Dr. Lazare Eloundou Assomo, Director of UNESCO World Heritage stressed the importance of using innovative technologies for these UNESCO-designed sites which are so unique and irreplaceable that they should be protected as common heritage of humanity. He added that UNESCO therefore looks forward to strengthening its ties with institutions such as HIST in this area, and to realizing the full potential of these technologies for safeguarding heritage, particularly as we face challenges such as climate change.
Dr.
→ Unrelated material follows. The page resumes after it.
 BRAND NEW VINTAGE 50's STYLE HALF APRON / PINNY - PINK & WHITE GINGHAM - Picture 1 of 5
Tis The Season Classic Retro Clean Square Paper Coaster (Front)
Teresa Patricio, President of the International Council on Monuments and Sites, echoed the opinion via video link, saying that innovative digital technology must be fully harnessed in favor of research, management, education and training, and risk reduction. "We must put technology at the service of the sustainable use of heritage — in particular for ensuring responsible and diversified cultural tourism development and management that contributes to cultural heritage preservation; community empowerment, social resilience and wellbeing; and a healthy global environment," she said.
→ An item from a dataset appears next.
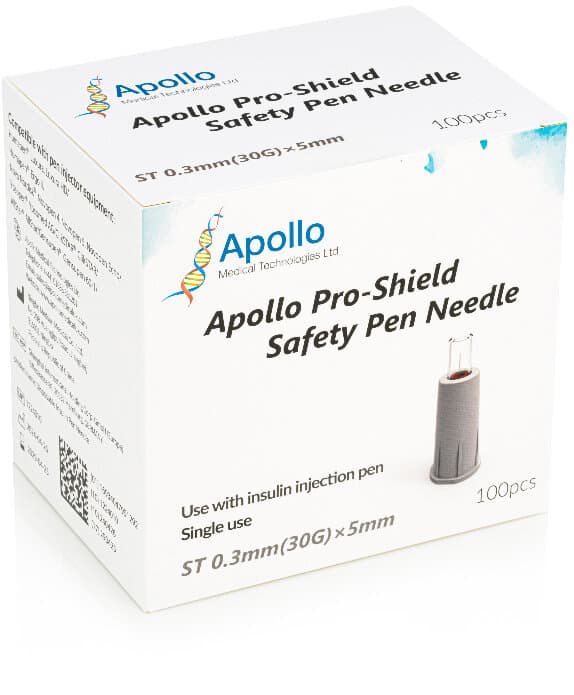 APOLLO pro shield safety insulin pen needles 5mm/30G 100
Dr. Webber Ndoro, Director-General of ICCROM said that space technologies have immense potential for contributing towards conservation, management, and sustainable development of world heritage properties. ICCROM and HIST are dedicated to the conservation and management of World Heritage Properties and have recently committed to strengthening collaboration through signing of MOU between the two international organizations.
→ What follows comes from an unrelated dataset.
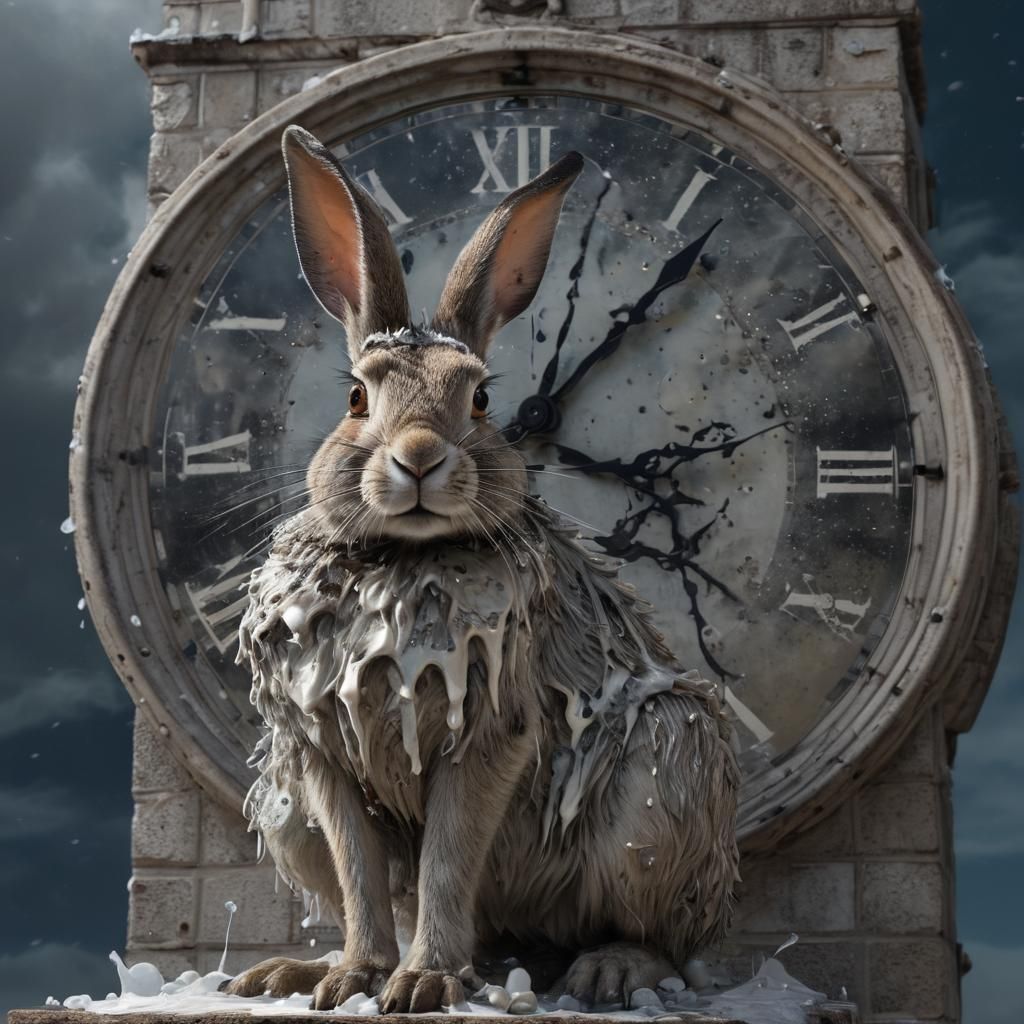Surreal Clockwork Rabbit on Melting Clock Tower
A Map titled “Environmental Context of World Cultural Heritage along the Silk Road” was released at the opening ceremony. The map, spotting the spatial distribution of 801 world cultural heritages and mixed heritages along the Silk Road, offers insights into understanding the humanistic and natural background of the heritages along the Silk Road.
The Dialogue released the Recommendations on Climate Action for Heritage Conservation, calling for stakeholders to take proper measures, including utilizing state-of-the-art technologies at hand to reduce the risks as well as negative impact posed by climate change.
The Dialogue also unveiled the “HIST Award on Best Practice in Sustainable Development of UNESCO-designated Sites” to recognize innovative and exemplary efforts by the site managers, related research institutes and other organizations from UNESCO Member States on best practices of digital technologies for the conservation and sustainable development of UNESCO-designated sites.
The Dialogue series took place in Huangshan, a World Heritage Site itself, mark ambitious efforts of HIST by providing a unique platform that bring together policymakers, researchers, and practitioners across the globe to discuss better protection, and promotion of sustainable development of, these sites which are of common importance for present and future generations of all humanity.
Focusing on these UNESCO-designed sites, the Dialogue organized eight sessions featuring following topics: digital conservation, space technologies and methodologies for the monitoring and evaluation, harmonized management, disaster risk reduction, climate change, space archaeology and spatial intelligence in cultural heritage, integration of heritage and culture and high-quality development, heritage education.